The showrunners of Agent Carter are taking on Carol Danvers in her new series, and they’re bringing a little TV inspiration with them. Except it’s not from their own Marvel show! They’ve basically turned Captain Marvel into a superhero version of Star Trek: Deep Space Nine, and it makes for a very promising start.

Spoilers ahead for Captain Marvel #1, by Michele Fazekas and Tara Butters, Kris Anka, Matthew Wilson, and Joe Caramagna.

I mean that Deep Space Nine connection pretty literally, too. Carol’s latest adventure sees her leaving Earth behind (something she’s also doing for her duties as part of the Ultimates team) and becoming the Commander of Alpha Flight Space Station, an orbiting platform that acts as both Earth’s first line of defense from alien threats, but also a diplomatic outreach for the Marvel cosmos. Despite desperately wanting to spend most of this first issue wanting to punch things, Carol’s new job sees her commanding the day-to-day running of the station, and, much to her chagrin, engaging in diplomatic talks with alien races about space station sanitation.


It’s less about the defense of Earth, and more about dealing with life on a space station, looking after a crew, and dealing with people who are most decidedly unhappy to see Carol—like her frosty second in Command, Abigail Brand. The actual defense is left to the Alpha Flight (a new take on the classic Canadian superhero team featuring such “wait, who again?” characters like Sasquatch, Aurora, and Puck), re-imagined here as the station’s special forces security and spacefighter wing.

It’s a really interesting take on the sort of cosmic side of Captain Marvel as a character. There’s the push and pull of Carol wanting to be a superhero out at the front of the action, while also needing to grasp the rigors of command and diplomacy, that really does evoke DS9's Captain Sisko at his most punchy. So far, there’s just less of DS9's trademark moral complexity, and a similar amount of people walking around in space-onesies.


Actually, when Captain Marvel does get literally punchy, it’s surprisingly the least interesting bit of the comic. It turns out the alien race that Carol was negotiating with to help run sanitation on the Alpha Flight station were secretly behind a meteorite strike that almost destroyed it, which requires Carol to fly out with Alpha Flight in support and save the day.
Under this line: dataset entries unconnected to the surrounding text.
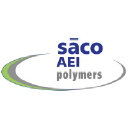 SACO AEI Polymers Inc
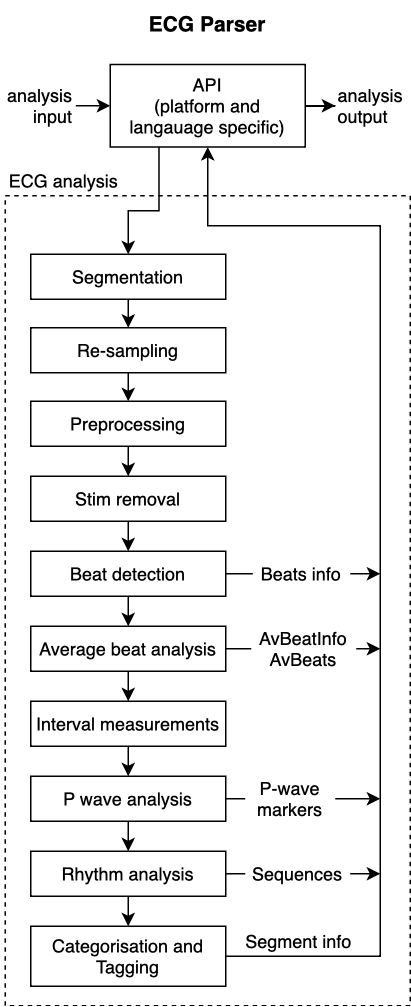 ECG Parser algorithm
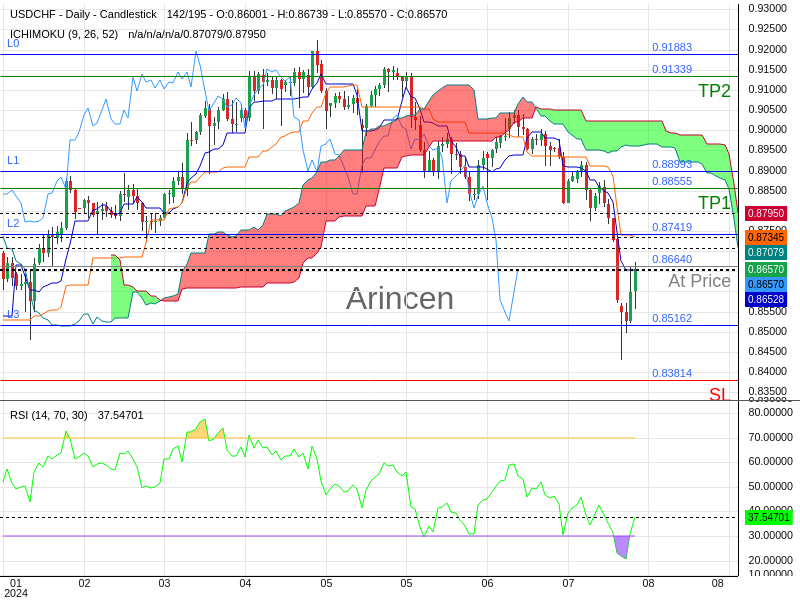 USDCHF@0.8664 Chart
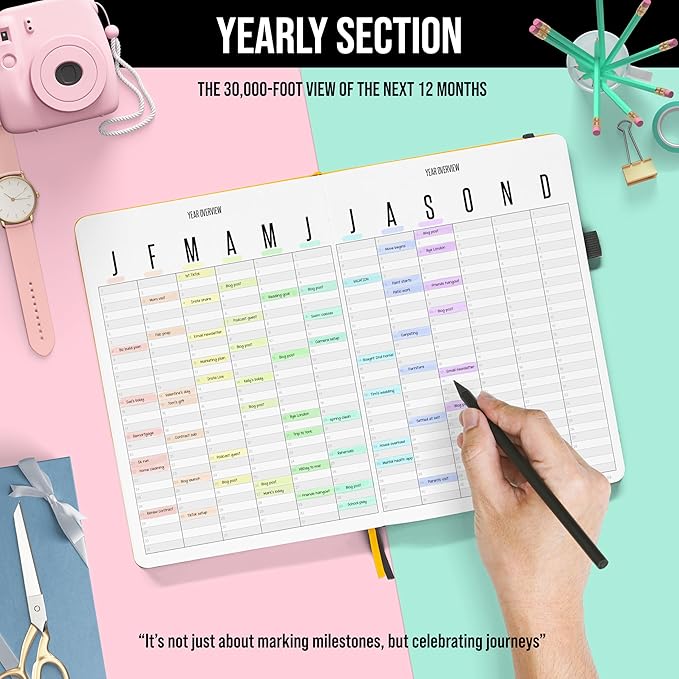 Daily Planner 2026 (Undated) | A5 Dotcross | Your All in One Day Organizer, At A Glance Weekly Agenda, Yearly Calendar Book | Planners for Personal, Professional, Academic & Work Goals and Schedule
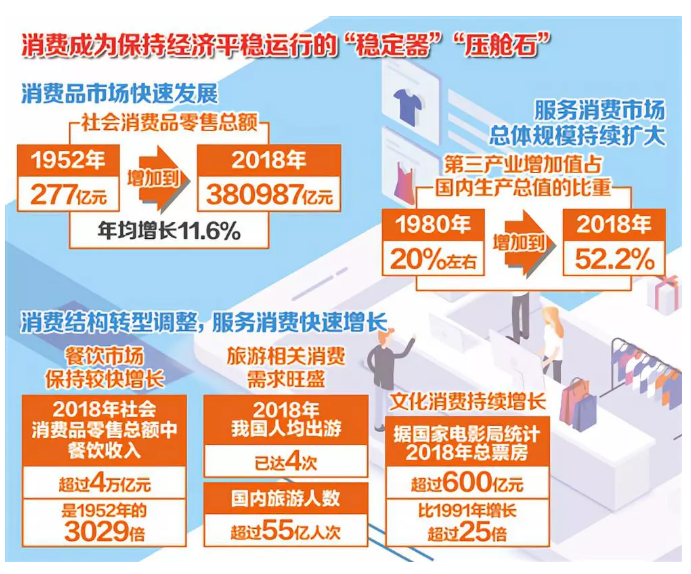 人均文化消费_中国人均水果消费支出(3)
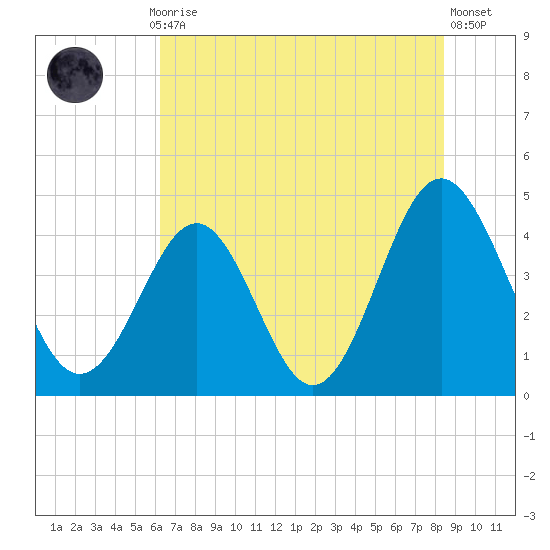 Sunset Beach Seashore tide chart for Monday, July 17, 2023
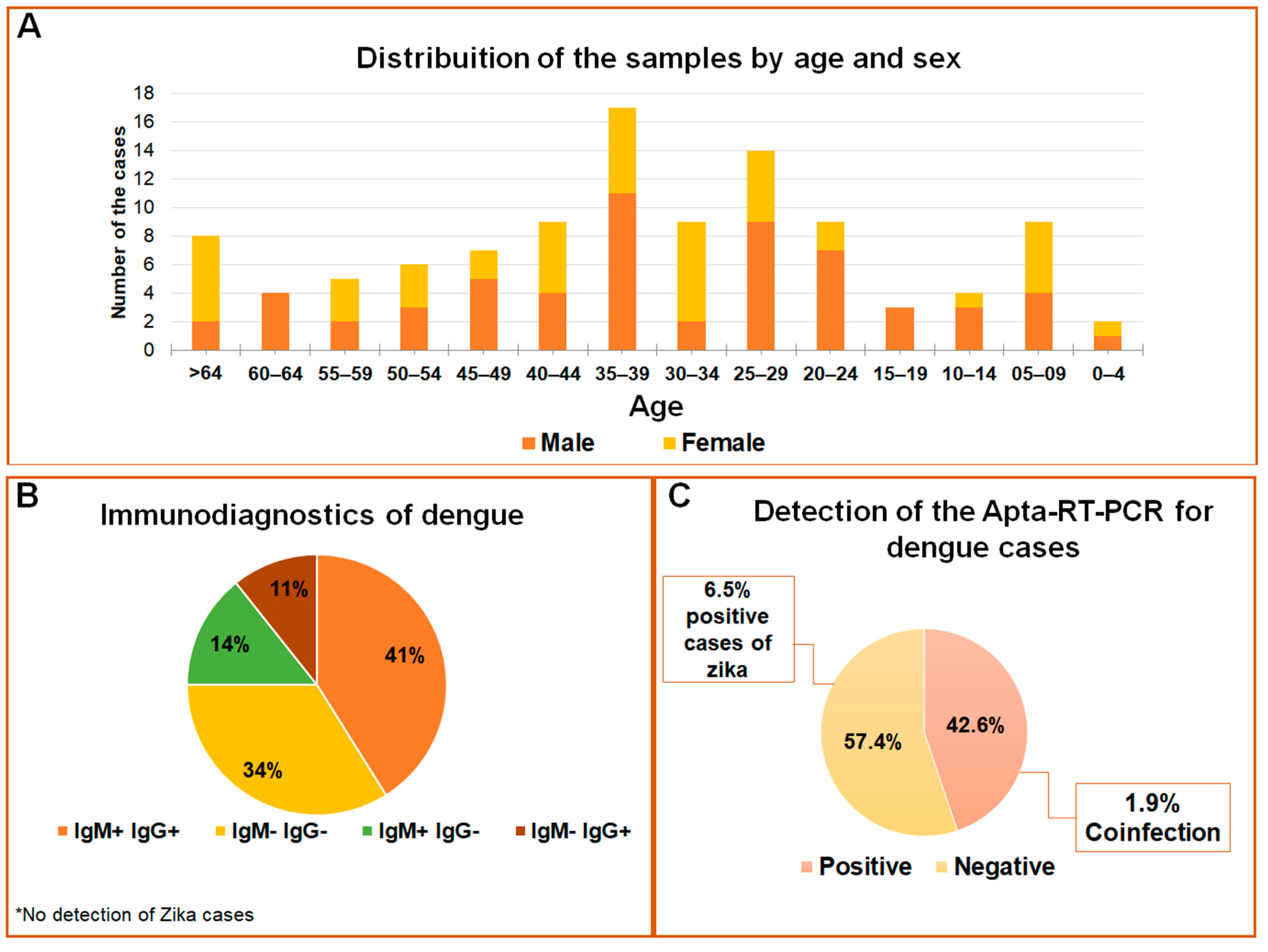 Ijms 23 13866 g005 Ijms 23 13866 g005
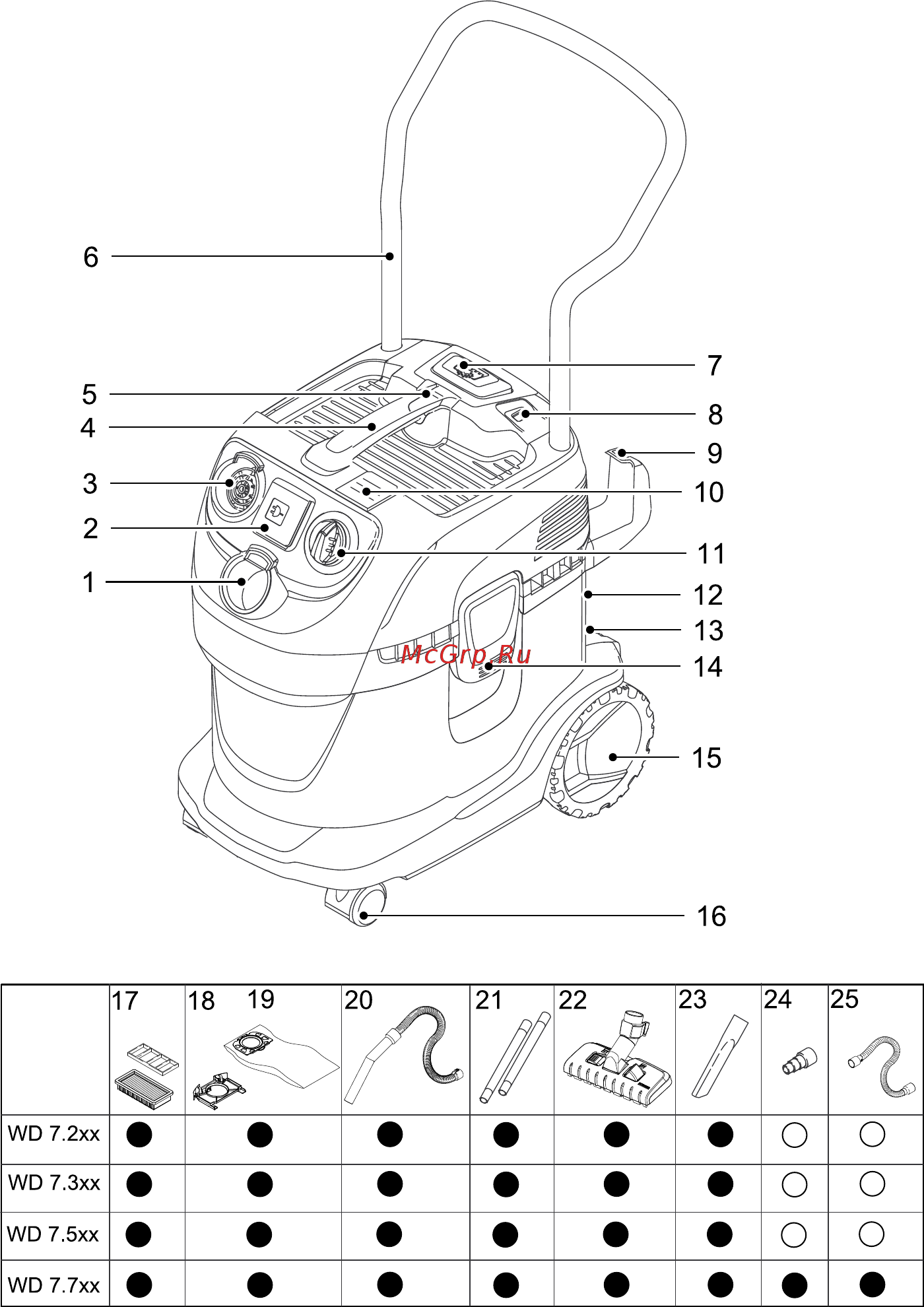 Karcher WD 7,700 P 1.347-630.0 Инструкция по эксплуатации онлайн [2/192] 512758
Although the moment is dynamic and wonderfully drawn by Kris Anka (as is the rest of the book—between Anka’s clean linework and Wilson’s bright color palette, the space station has another Star Trek sci-fi vibe to it, just more of the original series era rather than DS9), it’s also the moment the comic gets most superhero-y. Here’s the reminder that the Star Trek bit is ancillary to the “superhero in space” bit, which is a shame.


In combination the two so far are a good bit of fun—and the series sets up a little ongoing mystery when Carol and Alpha Flight encounter a strange alien ship that attacks the station bearing the Hala Star that’s on her supersuit—but I was surprised at how enjoyable the “life on a space station” side of this scenario is, to the point I wanted to get back to that rather than the superhero fights.

I’m not saying that Carol should give in to the desk job she fear’s she’s signed up for, but if Captain Marvel can balance its superhero action with some Star Trek-ian space-station-bound stories, this could turn into one of the better Marvel cosmic comics available at the moment.